Add configurable wavefront size support for Navi/MI.

[To squash] Configurable warp size in test_core_amd.py::test_convert2d Note: test_core_amd.py::test_convert2d unit tests have been changed because some of the old layouts exceed the shared memory limit (64KiB)

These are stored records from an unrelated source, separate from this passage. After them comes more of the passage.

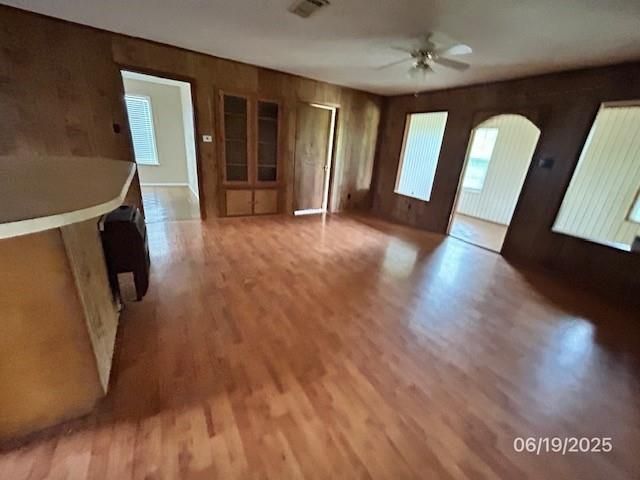 501 S 15th Street, Seadrift, TX 77983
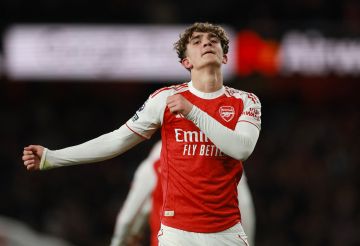 آرسنال يبتعد بصدارة الدوري الإنجليزي بفوز بشق الأنفس على إيفرتون آرسنال يبتعد بصدارة الدوري الإنجليزي بفوز بشق الأنفس على إيفرتون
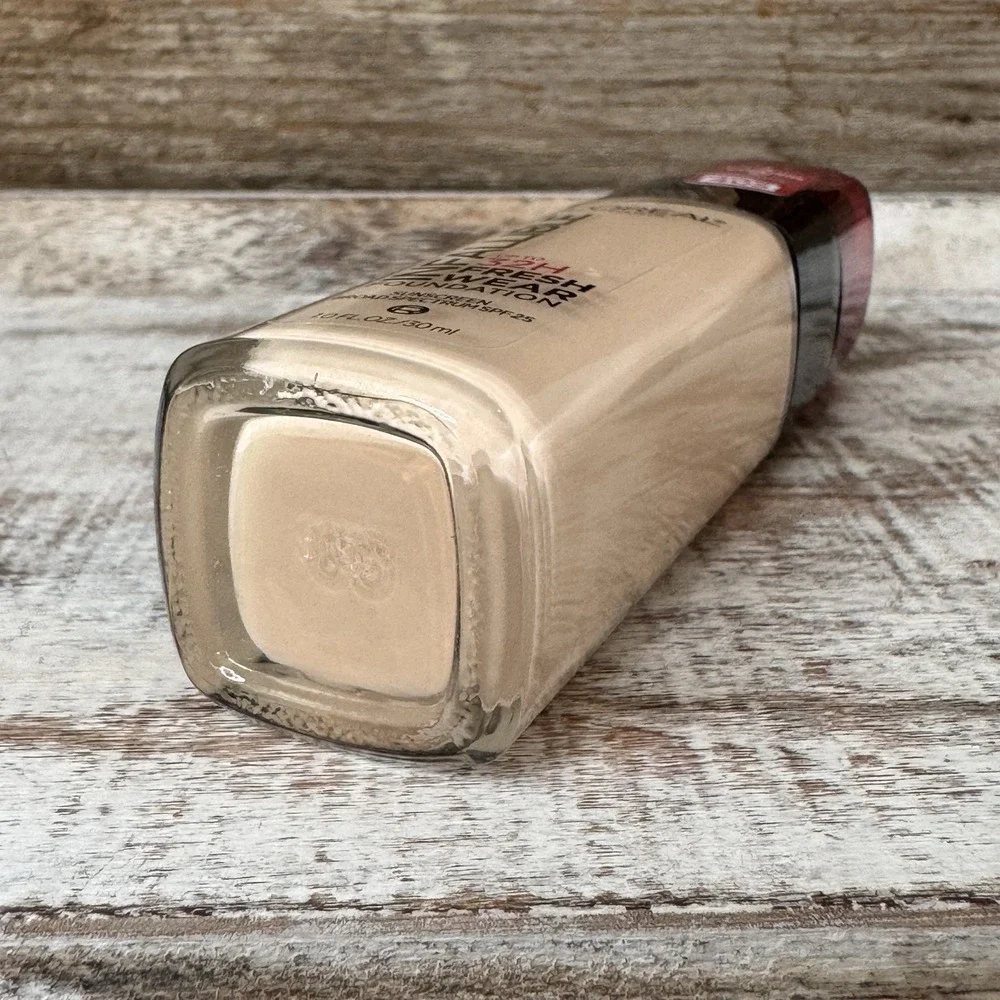 L'Oreal Infallible Fresh Wear Foundation 405 Porcelain |‎ MSRP = $17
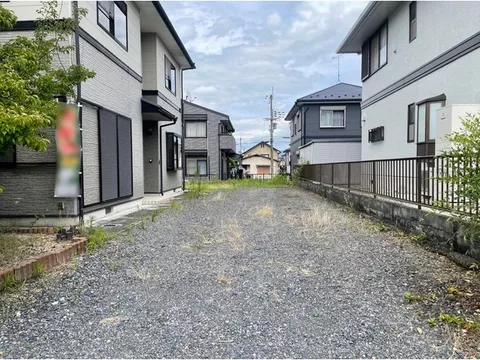 Approximately 91 tsubo of land! A garden with parking for 4 cars and a 4LDK! - Image 3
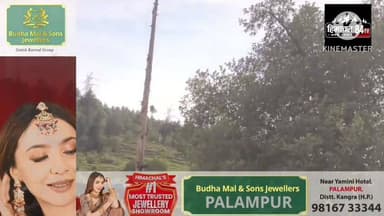 छतराडी मंदिर के पास सूखा पेड़ बना खतरा, मेले से पहले हटाने की उठी मांग
राज्य स्तरीय मेले से पहले श्रद्धालुओं की सुरक्षा को लेकर बढ़ी चिंता, प्रशासन और पुरातत्व विभाग से वैज्ञानिक तरीके से पेड़ हटाने की अपील
भरमौर,ब्यूरो रिपोर्ट
चंबा जिले के विश्व प्रसिद्ध एवं ऐतिहासिक शिव शक्ति माता छतराडी मंदिर के समीप वर्षों से खड़ा एक सूखा पेड़ अब श्रद्धालुओं और स्थानीय लोगों के लिए चिंता का विषय बन गया है। मंदिर से कुछ ही दूरी पर स्थित यह पेड़ तेज बारिश, आंधी या बर्फबारी के दौरान कभी भी गिर सकता है, जिससे बड़ा हादसा होने की आशंका जताई जा रही है।राधा अष्टमी के बाद यहां आयोजित होने वाले राज्य स्तरीय चार दिवसीय छतराडी मेले में प्रदेश सहित बाहरी राज्यों से भी बड़ी संख्या में श्रद्धालु और पर्यटक पहुंचते हैं। ऐसे में स्थानीय लोगों ने प्रशासन और पुरातत्व विभाग से मांग की है कि मेले से पहले पेड़ का निरीक्षण कर उसे वैज्ञानिक एवं सुरक्षित तरीके से हटाया जाए, ताकि श्रद्धालुओं की सुरक्षा सुनिश्चित की जा सके और मेले का आयोजन सुरक्षित वातावरण में संपन्न हो।#ChhatrariTemple #Chamba #HimachalPradesh #ShivShaktiMata #StateFair #ChhatrariMela #PublicSafety #ArchaeologyDepartment #BreakingNews #HimachalNews #TempleNews #84TV #Himachal84TV #LatestNews #StaySafe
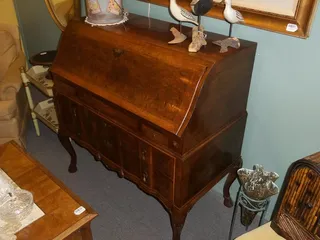 Elegant Consignments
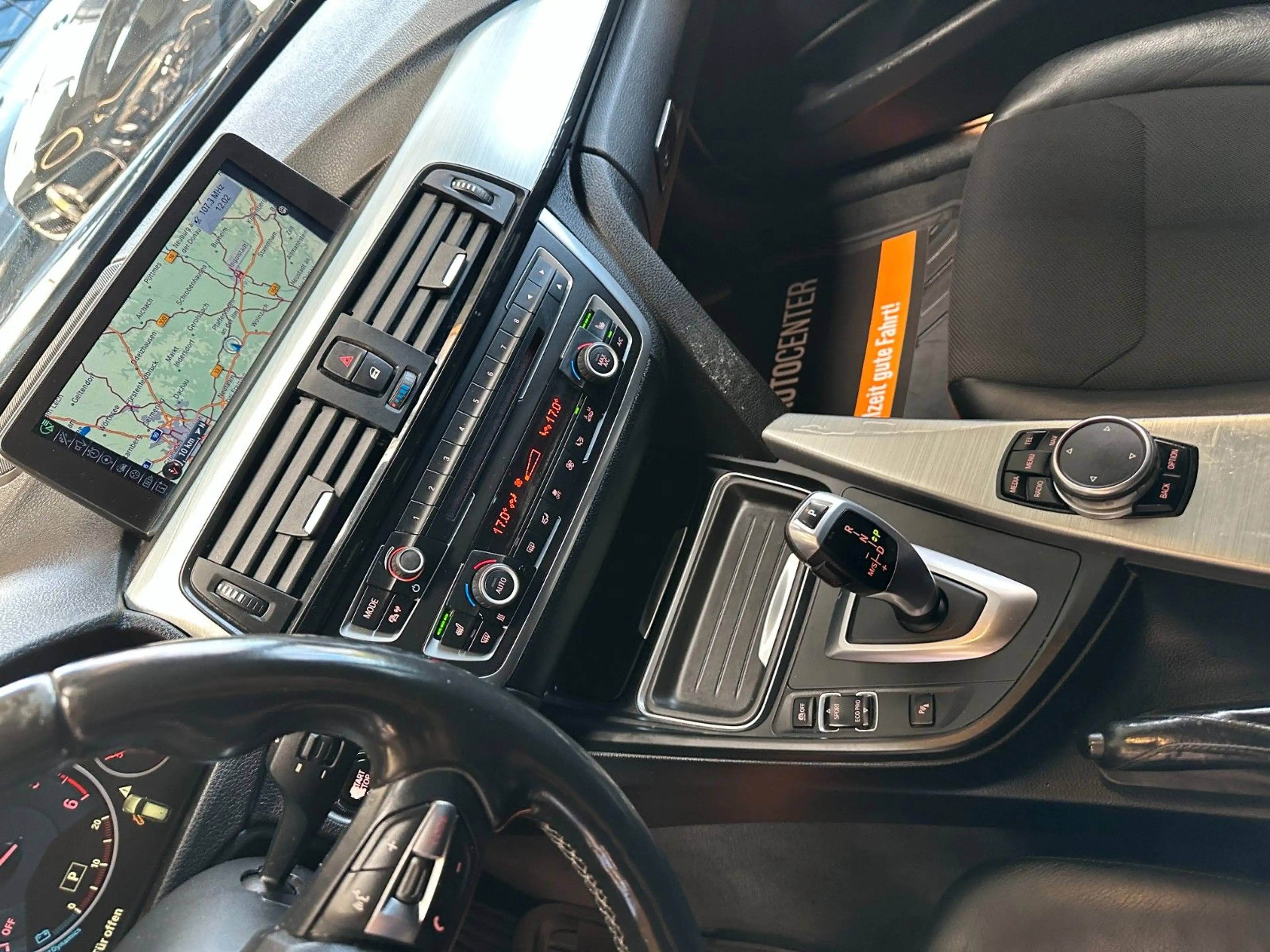 BMW 320 *HARMANKARDON*HUD*TOTWASSIST*AHK*TEMPO*NAVI* — photo 12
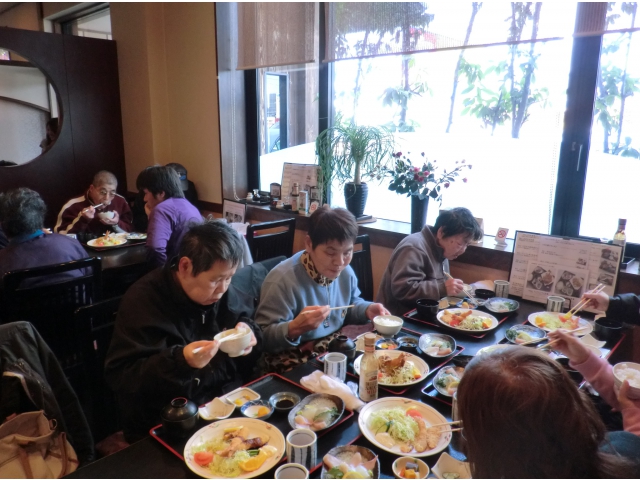 みなさんたくさん食べていらっしゃいます（左写真比）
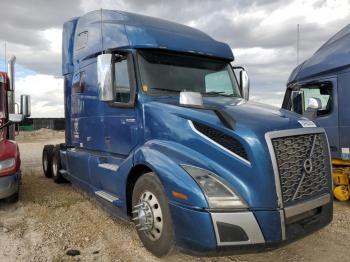  Salvage Volvo Vnl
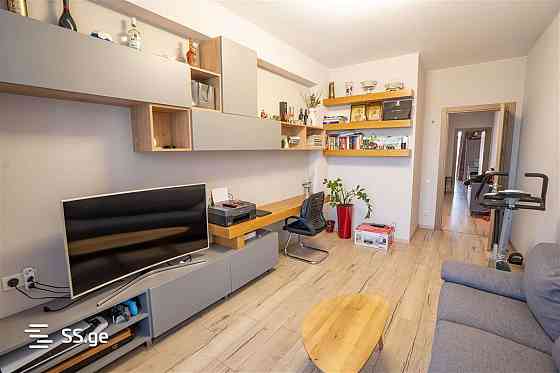 Продам 4-комн. квартиру 126м² 15/17 эт. Тбилиси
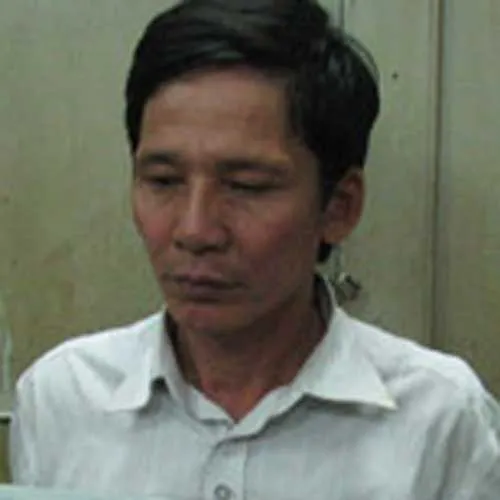 Bắt giữ 2 tên trộm, đâm người trên xe buýt ảnh 1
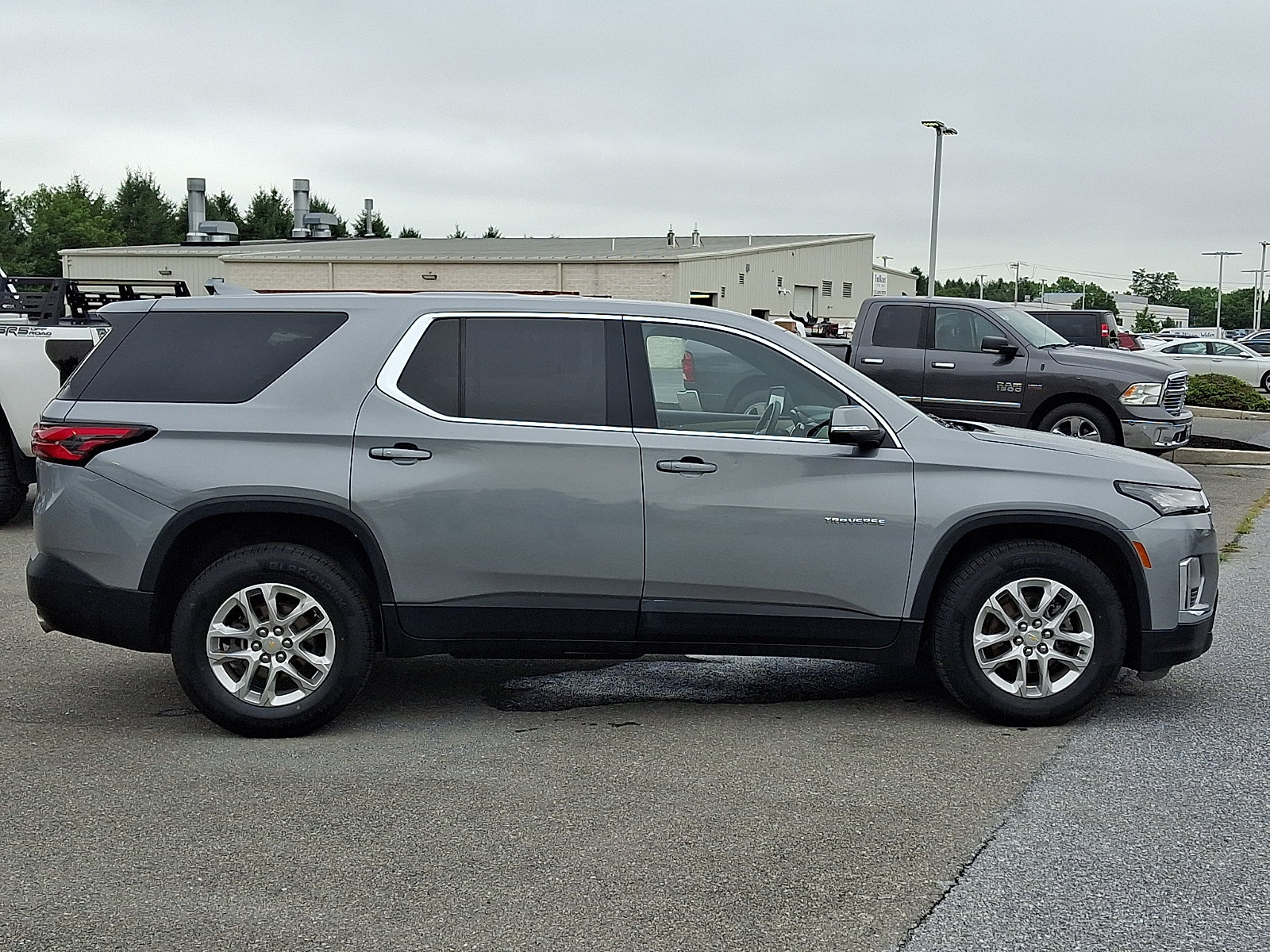 Used 2023 Chevrolet Traverse LS w/ Safety Package FWD image 7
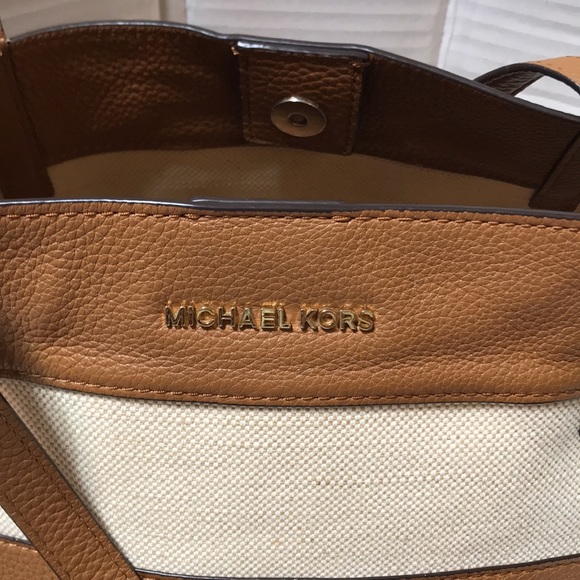 Michael Kors leather and coated canvas tote with pouch and tassel - Picture 2 of 9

2026-04-05 03:01:17 -04:00 · 2023-06-20 18:59:46 +00:00
parent 2cb9ecd009
commit 75b86da598
11 changed files with 82 additions and 69 deletions
--- a/lib/Conversion/TritonGPUToLLVM/ConvertLayoutOpToLLVM.cpp
+++ b/lib/Conversion/TritonGPUToLLVM/ConvertLayoutOpToLLVM.cpp
@@ -149,7 +149,8 @@ private:
      SmallVector<Value> mmaColIdx(4);
      SmallVector<Value> mmaRowIdx(2);
      Value threadId = getThreadId(rewriter, loc);
-      Value warpSize = i32_val(32);
+      unsigned iWaveSize = triton::gpu::getWarpSize(layout);
+      Value warpSize = i32_val(iWaveSize);
      Value laneId = urem(threadId, warpSize);
      Value warpId = udiv(threadId, warpSize);
      // TODO: fix the bug in MMAEncodingAttr document
@@ -207,7 +208,8 @@ private:
      SmallVector<Value> mfmaColIdx(4);
      SmallVector<Value> mfmaRowIdx(16);
      Value threadId = getThreadId(rewriter, loc);
-      Value warpSize = i32_val(64);
+      unsigned iWaveSize = triton::gpu::getWarpSize(layout);
+      Value warpSize = i32_val(iWaveSize);
      Value laneId = urem(threadId, warpSize);
      Value warpId = udiv(threadId, warpSize);
      // TODO: fix the bug in MMAEncodingAttr document